*The data:*
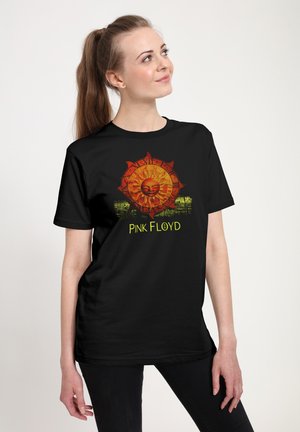 Ung kvinde med hestehale iført en sort Pink Floyd t-shirt med orange solmotiv og gul tekst, der kigger opad og smiler let.
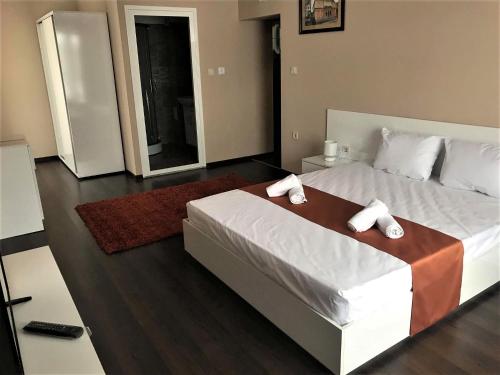 a bedroom with a bed with two towels on it at Hotel Oppium Restaurant & Garden in Ruse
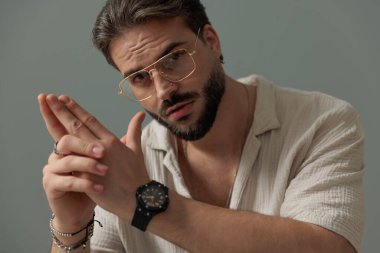 Avuç içlerini bir arada tutan ve gri arka planda ileriye bakan sıradan genç bir adam.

*What needs to be done:*
Every line above should be transcribed exactly, though no image should be carried over.

*Result:*
 Ung kvinde med hestehale iført en sort Pink Floyd t-shirt med orange solmotiv og gul tekst, der kigger opad og smiler let.
 a bedroom with a bed with two towels on it at Hotel Oppium Restaurant & Garden in Ruse
 Avuç içlerini bir arada tutan ve gri arka planda ileriye bakan sıradan genç bir adam.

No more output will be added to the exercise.